Beloved the world over for her exquisite pianism, Canadian artist, Janina Fialkowska has enchanted audiences for over thirty years with her glorious lyrical sound, her sterling musicianship and her profound sense of musical integrity. Blending her vast experience with her refreshingly natural approach " Fialkowska has become an artist of rare distinction as well as retaining all the virtuosity of her youth" -- (La Presse, Montreal, February 13, 2009).
During the 2010 Chopin anniversary year, three of Ms Fialkowska’s CDs were released. The CDs were devoted to the music of Chopin and all three received stellar reviews from the most distinguished critics around the world. The “Chopin Recital” CD made it into the Gramophone classic charts as well as among the London’s Sunday Times Top 10 “Best classical recordings of the year”. It also received a nomination for the “International Classical Music Award 2011”. Bryce Morrison raved in Gramophone Magazine about her double album “Chopin: Etudes, Impromptus, Sonatas”: “Indeed, lesser mortals may well weep with envy at such unfaltering authority.”

On top of her concert, Fialkowska will be offering Master classes at the Pyatt Hall at the VSO School of Music, 843 Seymour St., organized by BCRMTA, which are open to all at the cost of $10.

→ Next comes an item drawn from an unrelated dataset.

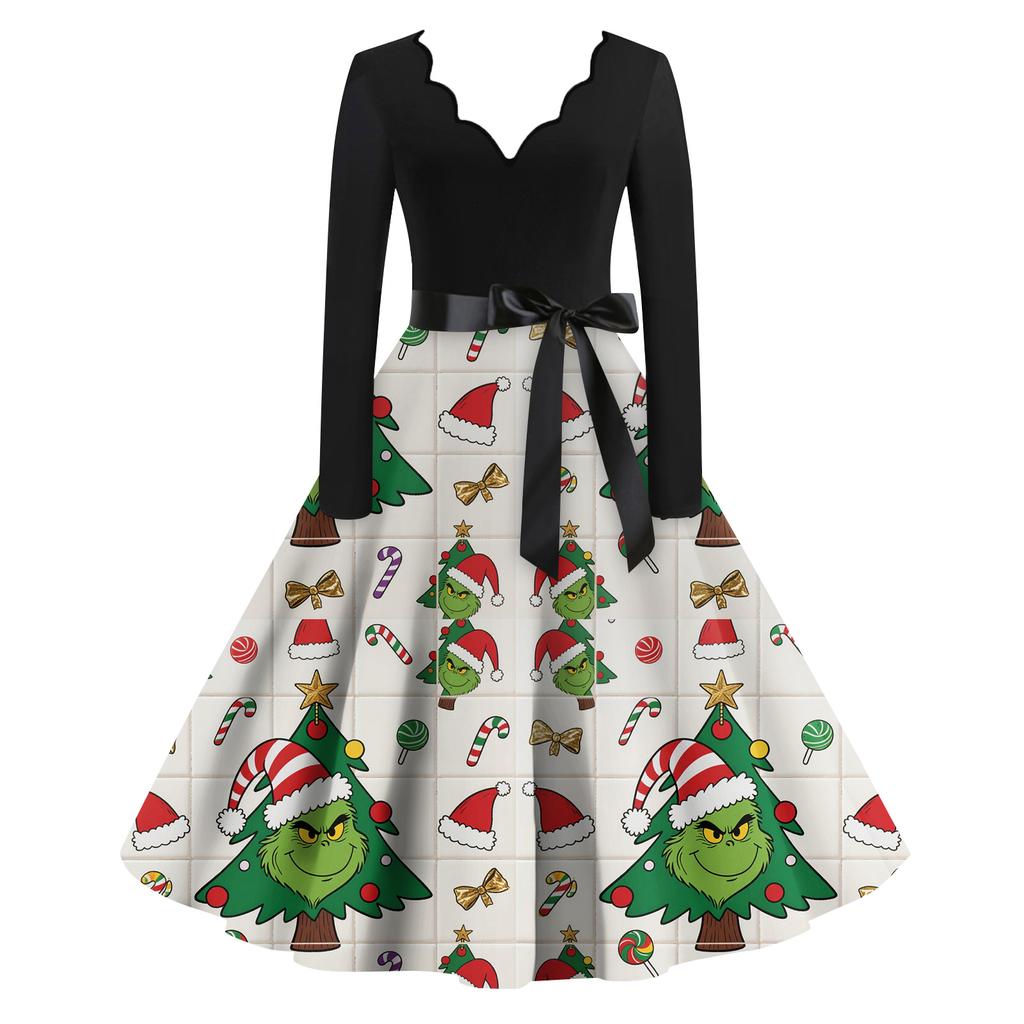 Ladies' Fashionable Retro Long Sleeved Square Neck Christmas Printed Evening Dress Dress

News Newsletters   Message from the President
“Every five years a star is born." This phrase fits perfectly in regard to the 2010 International Chopin Piano Competition in Warsaw . The Chopin Competition is noted for producing some of the most distinguished stars in the piano world, but who were not necessarily the first prize winners. After stunning performances by Ingolf Wunder and Daniil Trifonov last season, we can't wait to hear two top prize winners: Yulianna Avdeeva (1st prize) and Lukas Geniusas (2nd prize).

But, be sure not to miss Janina Fialkowska's upcoming concert. After her admirable return to piano from a long illness, she is getting rave reviews. If you have not subscribed to our series this season you can still buy tickets for the remaining three concerts at a discount: $100 Adult and $75 Senior/Student. Please give us a call 604-871-4450.

It was very sad news to hear that Vancouver arts critic Lloyd Dykk died after suffering a stroke. Vancouver music communities lost one of the best music critics. His review of Zilberstein's concert was unfortunately his last one for the Vancouver Chopin Society. The last time I spoke to him was before Zilberstein's concert and he said that he loved our recitals at the Magee Theatre, particularly remembering Wojciech Switala’s recital that was one of the best he had ever heard live in this city.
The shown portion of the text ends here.